Collection entries:
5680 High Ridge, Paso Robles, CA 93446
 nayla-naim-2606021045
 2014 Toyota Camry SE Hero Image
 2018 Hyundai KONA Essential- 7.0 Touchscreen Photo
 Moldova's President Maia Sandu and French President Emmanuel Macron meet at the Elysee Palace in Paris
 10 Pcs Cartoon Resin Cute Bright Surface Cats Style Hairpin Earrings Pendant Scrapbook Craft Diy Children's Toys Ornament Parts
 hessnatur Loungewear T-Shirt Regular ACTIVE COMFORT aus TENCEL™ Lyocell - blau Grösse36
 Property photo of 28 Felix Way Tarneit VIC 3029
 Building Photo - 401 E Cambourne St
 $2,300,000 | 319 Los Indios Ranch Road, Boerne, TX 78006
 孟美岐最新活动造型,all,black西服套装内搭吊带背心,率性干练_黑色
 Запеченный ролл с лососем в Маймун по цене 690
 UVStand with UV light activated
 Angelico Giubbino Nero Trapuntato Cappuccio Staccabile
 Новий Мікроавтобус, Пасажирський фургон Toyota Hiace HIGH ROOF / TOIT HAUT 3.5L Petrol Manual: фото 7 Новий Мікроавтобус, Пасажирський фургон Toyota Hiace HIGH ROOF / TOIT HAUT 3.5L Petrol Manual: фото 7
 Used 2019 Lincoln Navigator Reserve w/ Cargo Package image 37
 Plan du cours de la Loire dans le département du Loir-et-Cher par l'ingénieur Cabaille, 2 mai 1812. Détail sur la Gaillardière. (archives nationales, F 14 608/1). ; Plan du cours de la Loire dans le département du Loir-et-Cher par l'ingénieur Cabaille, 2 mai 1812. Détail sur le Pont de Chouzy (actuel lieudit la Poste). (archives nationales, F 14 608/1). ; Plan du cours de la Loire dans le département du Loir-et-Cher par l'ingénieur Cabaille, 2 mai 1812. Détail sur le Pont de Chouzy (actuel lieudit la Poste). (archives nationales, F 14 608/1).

Problem to work on:
Which lines in the records above contain the word "Toyota"? Copy each one.

Response:
 2014 Toyota Camry SE Hero Image
 Новий Мікроавтобус, Пасажирський фургон Toyota Hiace HIGH ROOF / TOIT HAUT 3.5L Petrol Manual: фото 7 Новий Мікроавтобус, Пасажирський фургон Toyota Hiace HIGH ROOF / TOIT HAUT 3.5L Petrol Manual: фото 7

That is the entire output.